Commit 33d33e22dfbcb52383e514ff868b9e76dcffcb86

kanoi 2014-07-06T05:33:40

Merge pull request #623 from kanoi/master minion - auto adjust freq

diff --git a/ASIC-README b/ASIC-README
index 6019325..3756238 100644
--- a/ASIC-README
+++ b/ASIC-README
@@ -243,6 +243,7 @@ ASIC SPECIFIC COMMANDS
 --minion-chipreport <arg> Seconds to report chip 5min hashrate, range 0-100 (default: 0=disabled)
 --minion-freq <arg> Set minion chip frequencies in MHz, single value or comma list, range 100-1400 (default: 1000)

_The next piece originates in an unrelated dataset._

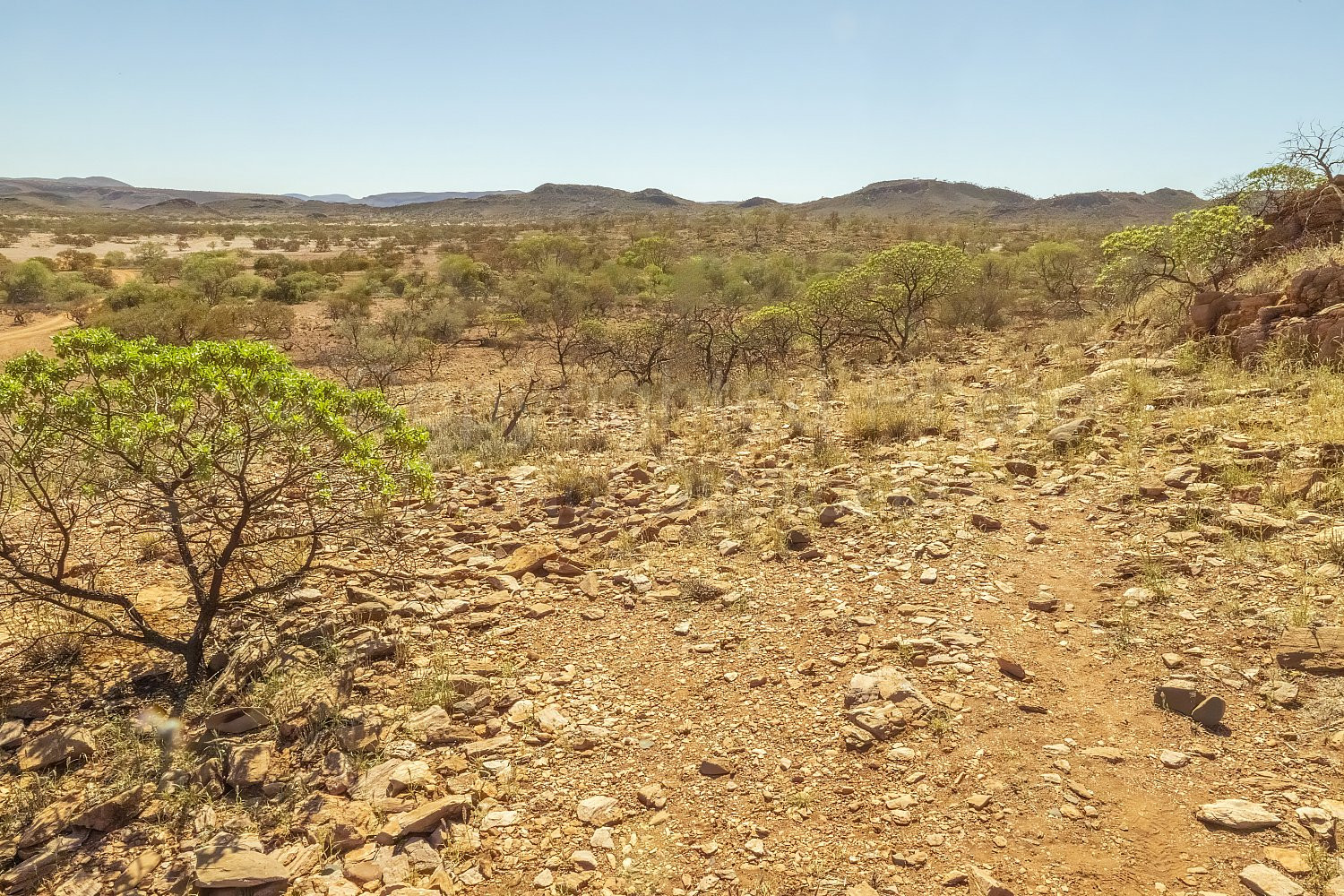Cheela Plains Cave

 --minion-idlecount  Report when IdleCount is >0 or changes
+--minion-noautofreq Disable automatic frequency adjustment
 --minion-overheat   Enable directly halting any chip when the status exceeds 100C
 --minion-temp <arg> Set minion chip temperature threshold, single value or comma list, range 120-160 (default: 135C)
 --nfu-bits <arg>    Set nanofury bits for overclocking, range 32-63 (default: 50)

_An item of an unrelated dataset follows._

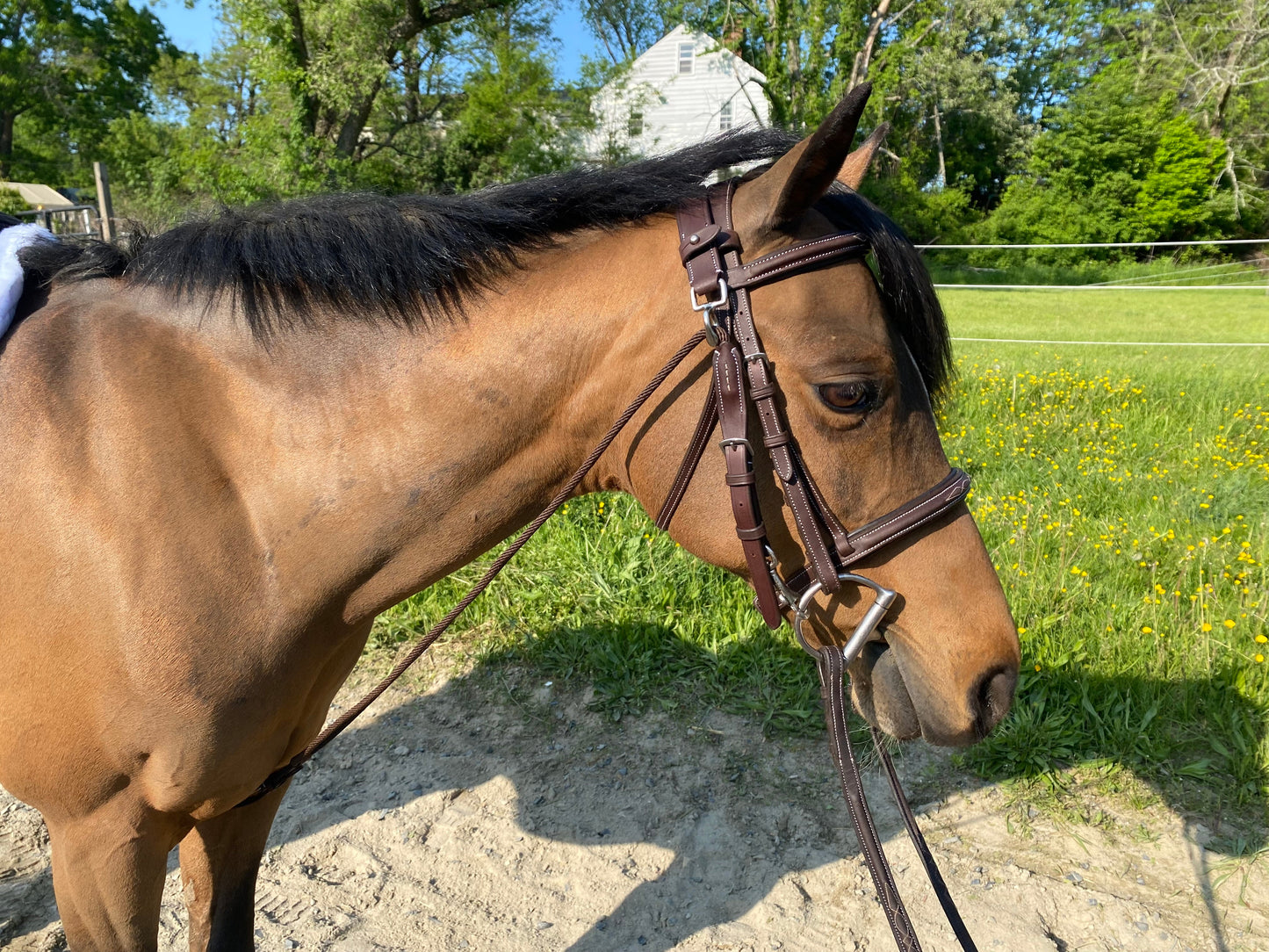 Pony Chambon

diff --git a/README b/README
index bfbafb6..eb60b17 100644
--- a/README
+++ b/README
@@ -221,6 +221,7 @@ Options for both config file and command line:
 --minion-chipreport <arg> Seconds to report chip 5min hashrate, range 0-100 (default: 0=disabled)
 --minion-freq <arg> Set minion chip frequencies in MHz, single value or comma list, range 100-1400 (default: 1000)
 --minion-idlecount  Report when IdleCount is >0 or changes
+--minion-noautofreq Disable automatic frequency adjustment
 --minion-overheat   Enable directly halting any chip when the status exceeds 100C
 --minion-temp <arg> Set minion chip temperature threshold, single value or comma list, range 120-160 (default: 135C)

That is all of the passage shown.